For the average Vietnamese millennial, owning a 3-billion-VND ($122,000) apartment requires saving their income for 25.8 years - a stark indicator of the rising affordability gap.
Speaking at the Vietnam Real Estate Conference 2024 on December 3, economist Can Van Luc highlighted that recent legislative reforms on land and housing policies are expected to shape the market significantly in the coming years.
Nguyen Quoc Anh, Deputy CEO of Batdongsan.com, provided further insights, revealing that Vietnam’s five-year property price growth of 59% exceeds the 54% in the United States, 49% in Australia, 41% in Japan, and 37% in Singapore.
Despite the rapid price increase, Vietnam’s rental yield lags behind, averaging just 4%, compared to the 5-7% seen in countries like the Philippines, Malaysia, Thailand, Indonesia, and the U.S.
Quoc Anh attributed the price surge to Vietnam’s strong economic growth and inflationary pressures. With a GDP per capita growth rate of 34.8% - higher than the global average (20.8%) and other developing countries (22%) - Vietnamese consumers have increasingly turned to real estate as a preferred investment channel.
In contrast to volatile gold markets and modest returns from foreign currencies and savings accounts, real estate remains a stable investment. Over the past decade, average returns on apartments and land plots have soared by 197% and 137%, respectively, making property the best-performing asset class in Vietnam.

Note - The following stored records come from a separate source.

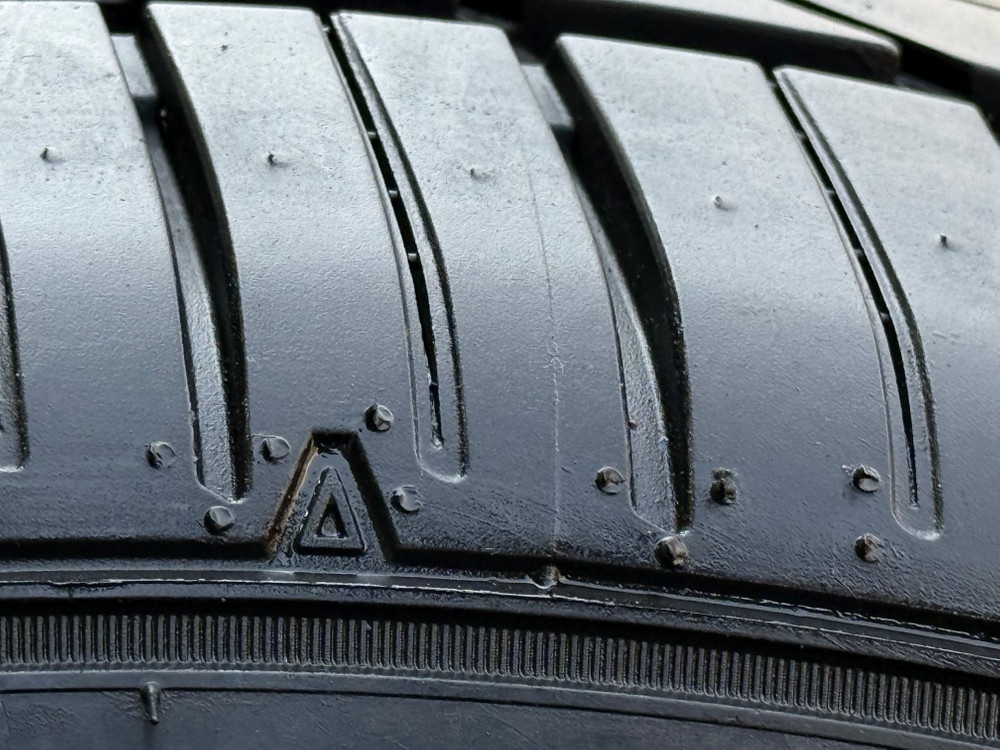 2754018 굿이어타이어 그립 중고타이어 275 40 18 굿이어 18인치타이어--6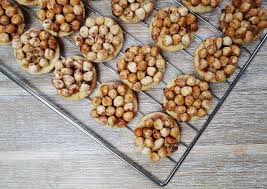 Low Carb Nussknacker Kekse Low Carb Platzchen Lebensmittel Essen Einfache Kokosmakronen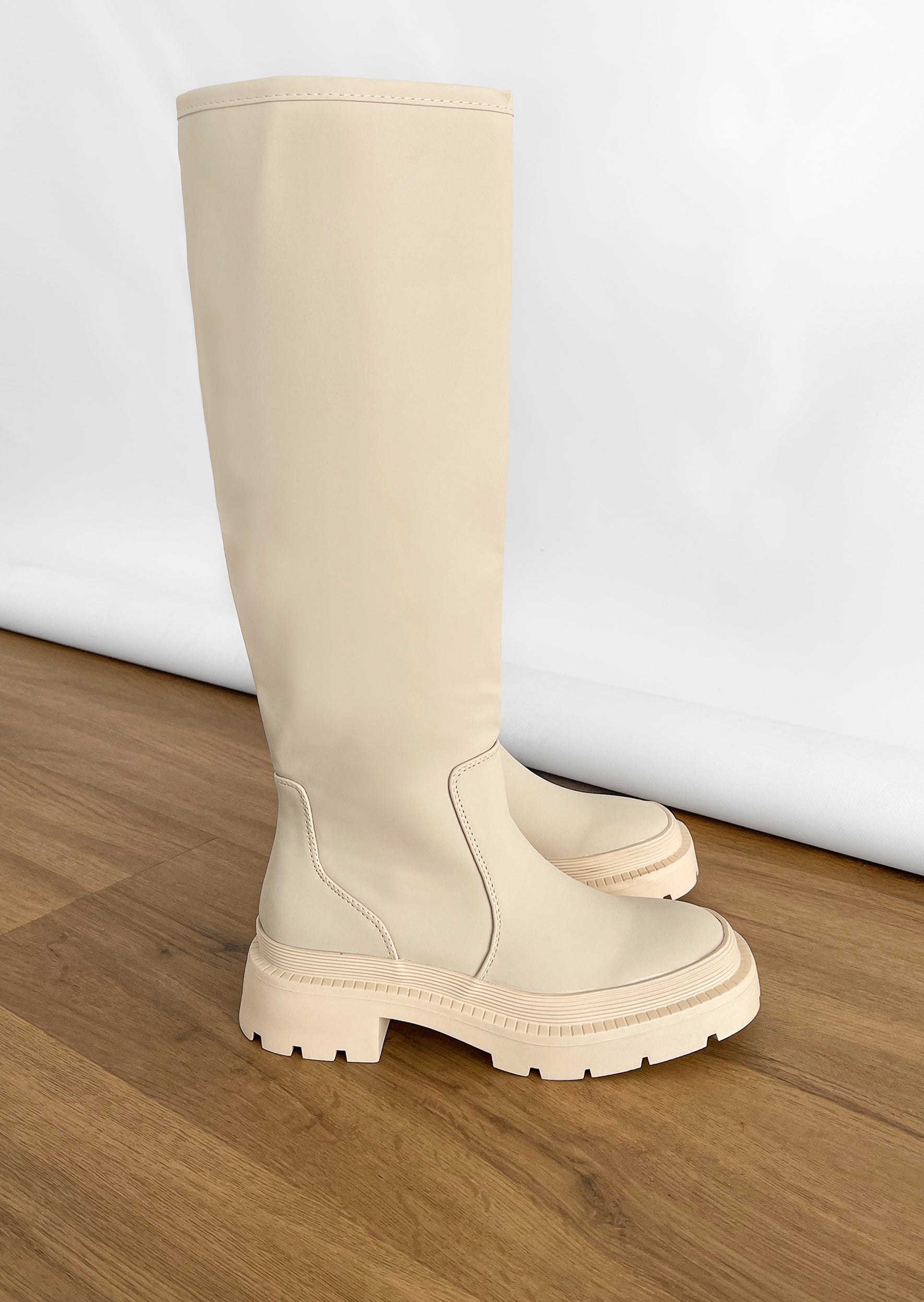 Bottes de pluie élégantes à semelles épaisses pour un look tendance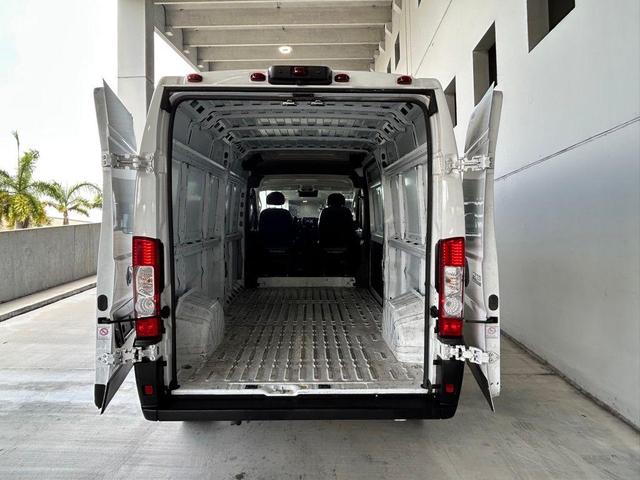 Photo of 2023 Bright White Clearcoat RAM ProMaster 2500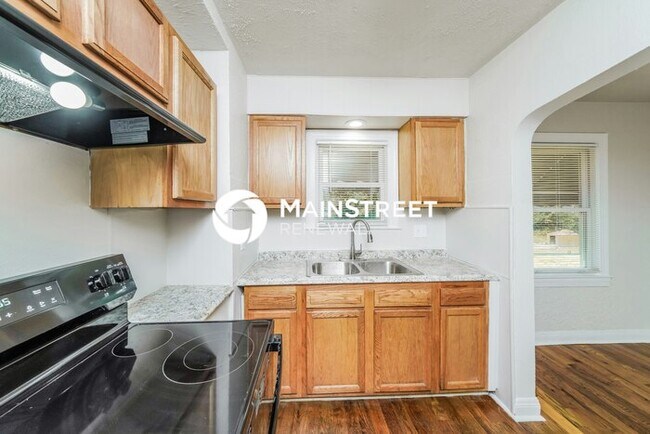 Building Photo - 2 Bedroom Pet-Friendly Home in Louisville,...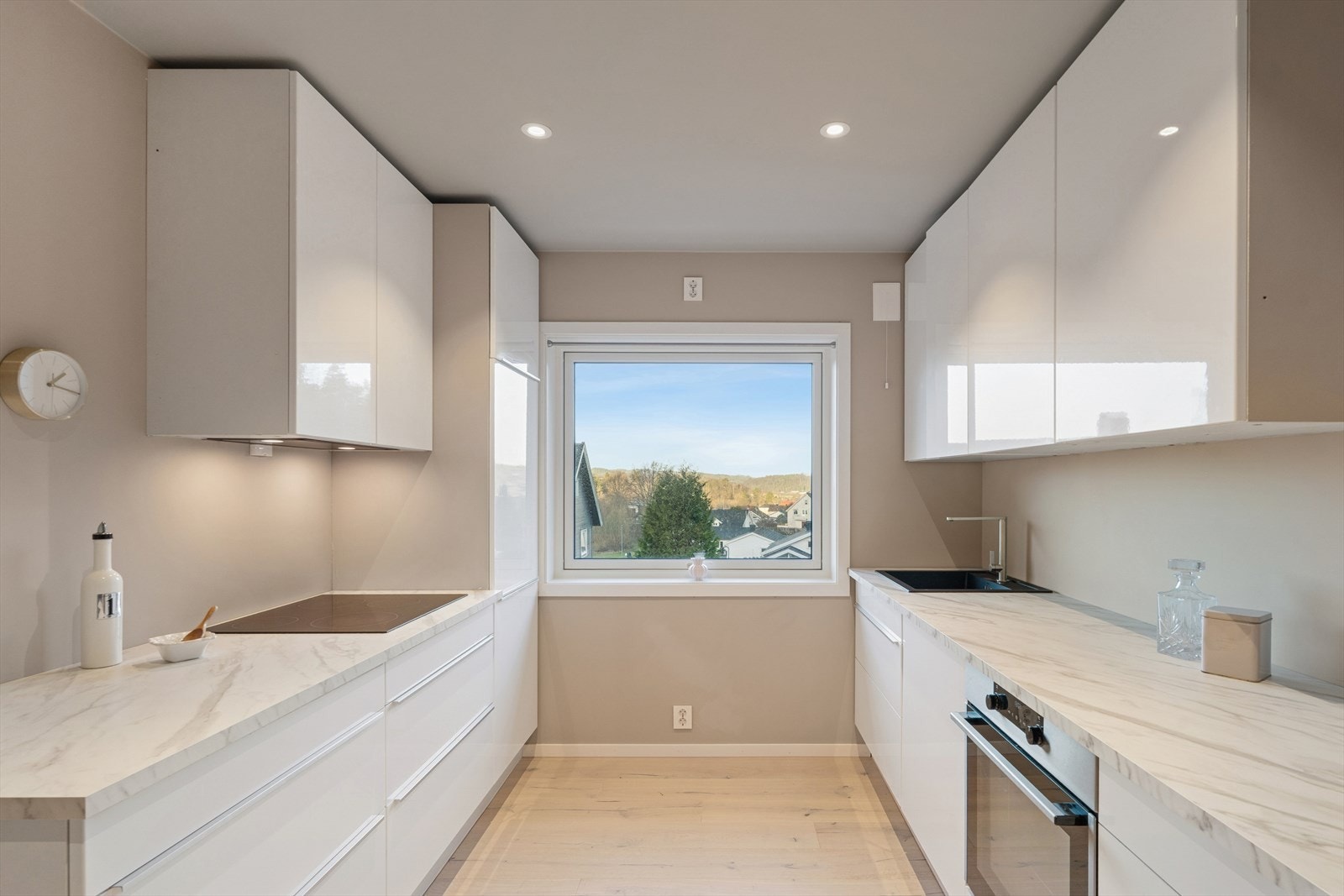 Kjøkkenet er oppført i tidløs og tidsriktige farger, og det er integrerte hvitevarer Galleribilde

Despite the market’s potential, younger generations continue to struggle with homeownership. Data from Batdongsan.com revealed that:
In 2004, it took a Gen X individual 31.3 years of income to afford a 60-square-meter apartment priced at 600 million VND, with a savings rate of 7.4%.
By 2014, a millennial (Gen Y) needed 22.7 years of income to purchase a similar apartment, which had risen to 1.5 billion VND, while the savings rate dropped to 6%.
In 2024, a Gen Z buyer would require 25.8 years of income to afford the same apartment, now priced at 3 billion VND, despite a lower savings rate of 4.5%.
This growing affordability challenge highlights the persistent difficulty of homeownership for younger generations, even as interest rates have declined.
Despite these hurdles, property ownership remains a cornerstone of Vietnamese culture. Vietnam boasts one of the highest homeownership rates globally, at 90% - outpacing countries like Singapore (88%), Indonesia (84%), the U.S. (66%), and Australia (66%).
The preference for property ownership stems from cultural values, the perception of real estate as a stable investment, and the underdeveloped financial markets in Vietnam. Owning property is also viewed as a symbol of social status and a vital asset for family stability.
With legislative reforms and favorable economic trends on the horizon, Vietnam’s real estate market will likely continue to grow. However, ensuring affordability for younger generations remains a pressing challenge, requiring innovative policies and long-term solutions.